• Exercise directions
The lines to return run from the one containing "Stella Set of" through the end of the material; give them exactly and leave out the pictures.
[The data — start]
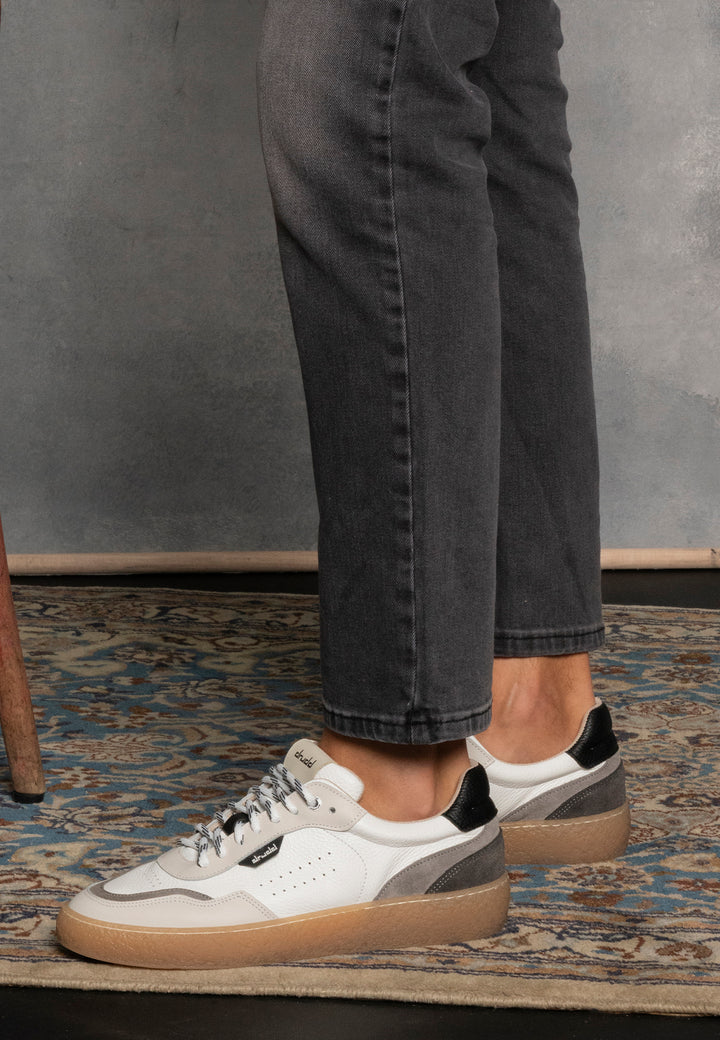 Sneakers in pelle e camoscio bianco e nero - D-Bowery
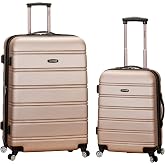 Rockland Melbourne Hardside 2 Piece Expandable Spinner Wheel Luggage Set, (20"/28"), Champagne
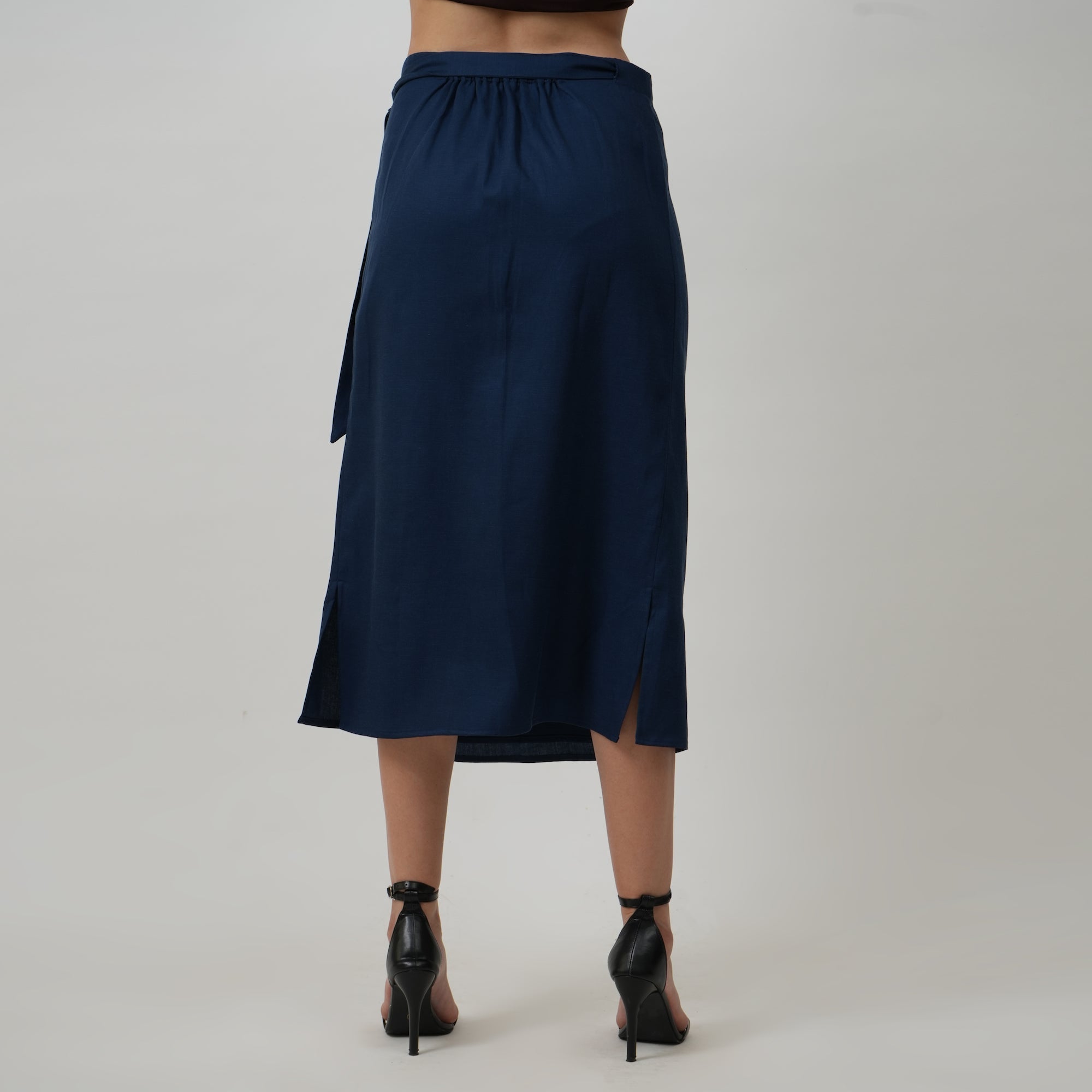 Stella Set of 2 - Shell Top & Wrap Skirt Coffee Brown & Navy Blue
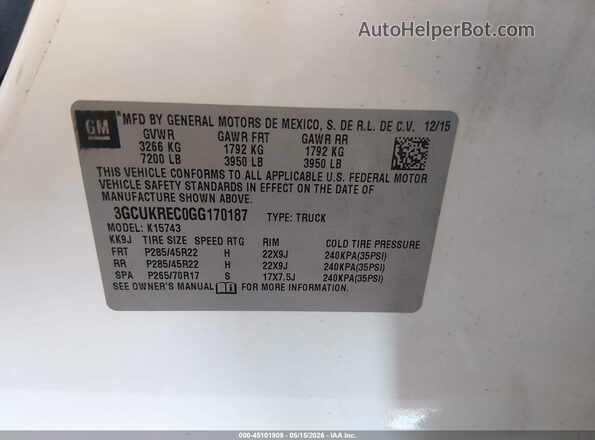 3GCUKREC0GG170187 2016 CHEVROLET SILVERADO Белый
[The data — finish]
• Answer to the exercise
 Stella Set of 2 - Shell Top & Wrap Skirt Coffee Brown & Navy Blue
 3GCUKREC0GG170187 2016 CHEVROLET SILVERADO Белый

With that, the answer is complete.